トライアンフ=勝利という意味を持つ単語でもあり、実際にその後はマン島TTレースをはじめとした様々なレースで多大な功績を挙げることとなる。そのトライアンフレース史の一つに刻まれているのがISDE(インターナショナル・シックス・デイズ・エンデューロ)での活躍だ。ロードレースモデルをオフロード仕様へとカスタムを施したモデルで勝利を挙げ、それをベースとして1951年にTR5トロフィーをリリース。これがトライアンフ スクランブラーの礎であり世界的なヒットモデルとなる。ちなみに、かのスティーブ・マックイーンが映画『大脱走』の劇中で使用したのは、その後継にあたるTR6だ。今回はそこから続いてきた血脈を今に繋げる最新モデル、スクランブラー1200XCをピックアップする。
トライアンフ スクランブラー1200XC 特徴
秀でたポテンシャルを持つマッスルスクランブラー
トライアンフが実際にスクランブラーという車名を使い始めたのは2006年からのことで、先述した往年の名機であるTRをオマージュしたモデルとされた。今でこそネオクラシック系バイクがもてはやされているが、スクランブラーを含むボンネビル系を早くからリリースしてきたトライアンフは、その先駆け的な存在であったと言えよう。
その最新モデルにあたるスクランブラー1200にはXCとXEという2バージョンが用意されている。イニシャルの語源には諸説あるが、XEの方が上位仕様のサスペンションやブッシュガードなどが取り入れられ、よりオフロード志向が強められていることから、”C”はシティ、”E”はエクスプローラーと捉えて問題は無い。今回は前者、スクランブラー1200XCに触れて行くとする。
そもそもオンロードもオフロードも分け隔てなく走り回るモデルを指したことからきているスクランブラーという言葉。それを看板に掲げたモデルには様々なものがあるが、個人的にはトライアンフのスクランブラーが元祖だと思っている。私が子どもの頃はまだ近所に未舗装路が結構残っていたし、それよりもかなり前から存在したジャンルだと考えると、オンロード=整備されている道路、オフロード=道路として整備されていない地という解釈だったのかもしれない。

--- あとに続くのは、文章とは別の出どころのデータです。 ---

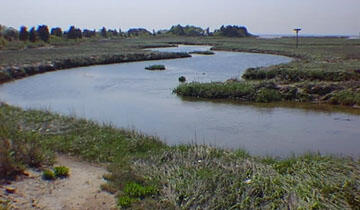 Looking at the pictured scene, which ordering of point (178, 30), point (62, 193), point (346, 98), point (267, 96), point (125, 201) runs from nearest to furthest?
1. point (125, 201)
2. point (62, 193)
3. point (346, 98)
4. point (267, 96)
5. point (178, 30)

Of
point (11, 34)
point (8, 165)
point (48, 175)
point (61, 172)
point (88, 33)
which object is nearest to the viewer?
point (8, 165)

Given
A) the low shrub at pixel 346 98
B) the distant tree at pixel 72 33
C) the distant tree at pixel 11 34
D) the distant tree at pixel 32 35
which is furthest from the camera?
the distant tree at pixel 72 33

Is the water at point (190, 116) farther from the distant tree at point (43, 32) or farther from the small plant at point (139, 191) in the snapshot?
the distant tree at point (43, 32)

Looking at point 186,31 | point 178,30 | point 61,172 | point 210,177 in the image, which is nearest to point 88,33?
point 178,30

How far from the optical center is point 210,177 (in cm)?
864

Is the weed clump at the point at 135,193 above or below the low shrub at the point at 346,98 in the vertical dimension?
above

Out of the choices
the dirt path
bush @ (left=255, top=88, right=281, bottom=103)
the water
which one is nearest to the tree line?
the water

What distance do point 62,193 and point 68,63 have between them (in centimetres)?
3858

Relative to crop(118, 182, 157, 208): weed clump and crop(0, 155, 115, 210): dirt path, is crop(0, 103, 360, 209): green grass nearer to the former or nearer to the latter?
crop(118, 182, 157, 208): weed clump

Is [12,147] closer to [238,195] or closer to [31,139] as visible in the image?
[31,139]

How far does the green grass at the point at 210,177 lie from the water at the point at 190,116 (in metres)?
3.01

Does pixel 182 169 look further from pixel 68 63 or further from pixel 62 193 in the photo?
pixel 68 63

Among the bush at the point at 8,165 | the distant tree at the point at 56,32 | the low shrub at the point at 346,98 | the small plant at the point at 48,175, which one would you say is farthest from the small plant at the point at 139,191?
the distant tree at the point at 56,32

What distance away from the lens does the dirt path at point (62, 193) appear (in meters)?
7.94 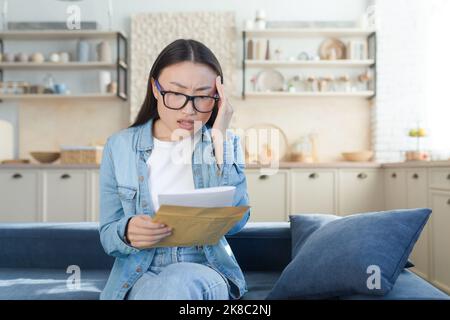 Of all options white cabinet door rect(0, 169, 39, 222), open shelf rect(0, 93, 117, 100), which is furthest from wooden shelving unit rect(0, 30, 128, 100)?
white cabinet door rect(0, 169, 39, 222)

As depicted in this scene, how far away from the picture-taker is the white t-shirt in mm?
1115

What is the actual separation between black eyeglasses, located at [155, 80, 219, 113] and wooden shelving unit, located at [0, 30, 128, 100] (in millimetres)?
3220

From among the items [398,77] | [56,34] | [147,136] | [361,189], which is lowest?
[361,189]

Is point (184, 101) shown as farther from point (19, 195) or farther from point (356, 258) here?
point (19, 195)

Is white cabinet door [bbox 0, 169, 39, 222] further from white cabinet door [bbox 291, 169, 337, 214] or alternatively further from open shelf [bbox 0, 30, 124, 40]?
white cabinet door [bbox 291, 169, 337, 214]

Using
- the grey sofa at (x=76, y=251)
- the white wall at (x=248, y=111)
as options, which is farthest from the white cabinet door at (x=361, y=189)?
the grey sofa at (x=76, y=251)

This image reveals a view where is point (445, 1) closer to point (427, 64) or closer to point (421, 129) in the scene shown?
point (427, 64)

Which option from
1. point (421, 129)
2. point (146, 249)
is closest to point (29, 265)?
point (146, 249)

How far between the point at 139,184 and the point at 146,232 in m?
0.18

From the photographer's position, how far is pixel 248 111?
4.41 meters

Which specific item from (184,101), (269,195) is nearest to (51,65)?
(269,195)

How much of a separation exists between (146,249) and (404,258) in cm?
57

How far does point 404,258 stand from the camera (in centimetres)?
104

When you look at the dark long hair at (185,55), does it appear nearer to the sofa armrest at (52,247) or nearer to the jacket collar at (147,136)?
the jacket collar at (147,136) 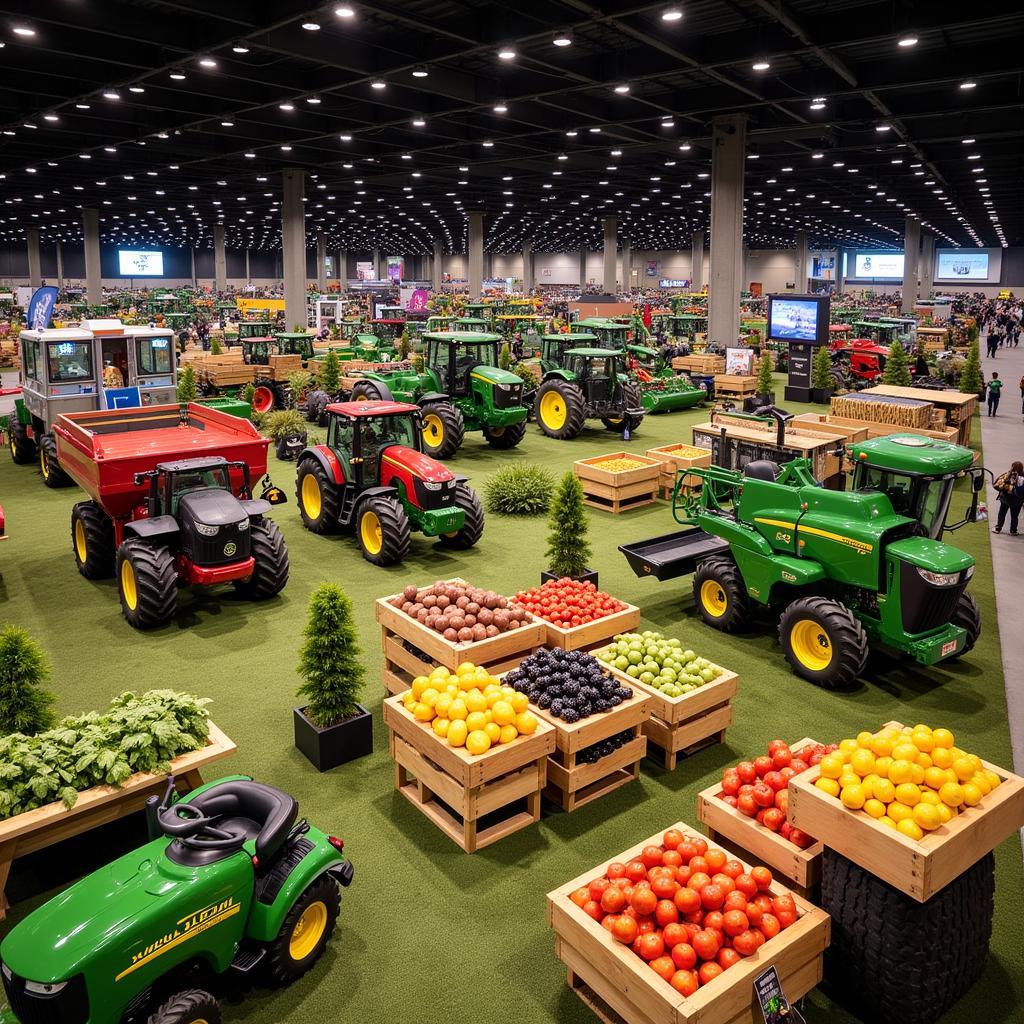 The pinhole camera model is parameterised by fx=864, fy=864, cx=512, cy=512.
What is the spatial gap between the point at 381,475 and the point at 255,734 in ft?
16.1

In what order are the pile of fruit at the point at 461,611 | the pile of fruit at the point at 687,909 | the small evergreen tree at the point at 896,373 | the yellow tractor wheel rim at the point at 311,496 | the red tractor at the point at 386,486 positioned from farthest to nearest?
the small evergreen tree at the point at 896,373
the yellow tractor wheel rim at the point at 311,496
the red tractor at the point at 386,486
the pile of fruit at the point at 461,611
the pile of fruit at the point at 687,909

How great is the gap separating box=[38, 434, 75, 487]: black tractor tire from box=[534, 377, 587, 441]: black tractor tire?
9.64 meters

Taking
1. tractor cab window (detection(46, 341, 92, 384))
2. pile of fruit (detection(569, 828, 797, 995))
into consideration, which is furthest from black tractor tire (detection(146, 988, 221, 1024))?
tractor cab window (detection(46, 341, 92, 384))

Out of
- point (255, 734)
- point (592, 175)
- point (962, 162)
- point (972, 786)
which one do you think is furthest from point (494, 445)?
point (962, 162)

それというのも元はアメリカのバイク遊びから端を発したムーブメントであり、広大な大地を開拓して生活環境を整えてきた北米大陸を思い浮かべると、生活道路から、でこぼこ道や果てしなく続く高原、または森の中などにバイクで分け入っていく当時の様子をイメージすることができる。
そこから現在の身の回りの生活環境へと置き換えて考えてみるとどうだろうか。人の手が入っておらず、自由にバイクで走り回れる場所など、どこにも無いようにすら思える。あくまで日本では、ということが前提の話ではあるが、トライアンフが売られている多くの国がそういった状況ではないだろうか。そのような中で現代のスクランブラーとはどのようなものに仕立て上げるかというのが、メーカーとしても重要な課題となっているには違いなく、そのポイントをじっくりと考察してゆきたいと思う。
トライアンフ スクランブラー1200XC 試乗インプレッション
スキルとフィジカル面も要求するパワフルなじゃじゃ馬
スクランブラー1200XCの大きなフューチャーポイントとしては、まず何といっても排気量1200ccを誇るビッグバーチカルツインエンジンだろう。270度不等間隔クランクが用いられており、これがオフロードでの優れたトラクションを生み出すとともに、ライダーへ心地の良い鼓動感を伝えてくれる。ひと昔、いやふた昔前は、ツインエンジンの振動は敬遠され、360度等間隔クランクが人気だったこともあったが、現在は組み立て精度の向上やバランサー技術の進歩などで、多少の振動がむしろ好まれるようになったこともあり、現在トライアンフがボンネビル系に搭載するバーチカルツインは270度クランクとなっている。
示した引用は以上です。